Idio que diz que para si a dança é um “lugar da honestidade e da sensibilidade”, mostra-se chocado com o que o seu país vive. Nas suas palavras há um “silenciamento” e o “assassínio da vontade de expressar” com liberdade.

“Eu vivo e respiro, porque necessito me expressar. E isso em Moçambique está cada vez mais a ser enterrado. Hoje abri a minha rede social e vi um carro da polícia atropelar alguém, sem piedade. Então, isso não está bom. Não está bom porque o regime moçambique virou totalitário. Essa não é a sensibilidade com que o povo moçambicano quer ser dirigido”.

Revoltado, Ídio Chichava afirma: “A única coisa que me vem à cabeça é dizer, basta! Fazer um grito de socorro para que essas violações dos direitos humanos e do direito à expressão terminem. Não dá mais

Sente que em Lisboa pode falar com “liberdade” e mostra esperança de que a sua voz vencedora agora deste prémio seja ouvida em Moçambique.

O coreografo que tem desenvolvido o ensino gratuito da dança, junto das comunidades moçambicanas considera que o prémio Salavisa vem “abrir janelas”.

“Ganhar este prémio é confirmar todas as convicções que tenho com relação à potencialidade criativa de Moçambique, da África e do mundo.
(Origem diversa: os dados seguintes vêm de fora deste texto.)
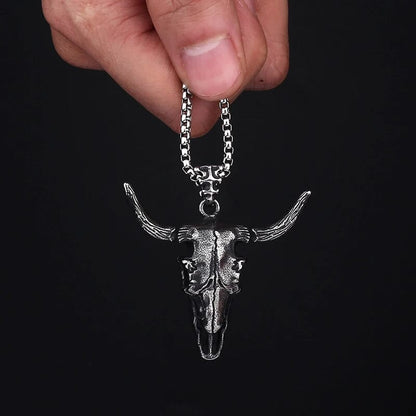 Bull Skull - Colar em Aço Inoxidável Necklace Tesouros Vikings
Para mim, além de ser uma grande honra fazer parte deste ecossistema internacional da dança, ganhar este prémio vai confirmar toda a luta, toda a resiliência que em Moçambique, como artistas, bailarinos e coreógrafos, enfrentamos para poder acordar todos os dias e dizer que eu sou um profissional da dança”.

Para o Júri, o trabalho de Ídio “é uma afirmação poderosa da energia coletiva e do desejo de criar e coexistir.” Sobre o seu trabalho, este artista diz-nos que “está muito centrado no questionamento da tradição e como a inserir e enquadrar neste mundo contemporâneo”.

“A arte ainda pode. Por mais que tentem nos silenciar, por mais que nos tentem prender, nós ainda temos, de certa forma, a liberdade de falar fora de Moçambique, para Moçambique”, sublinha em Lisboa.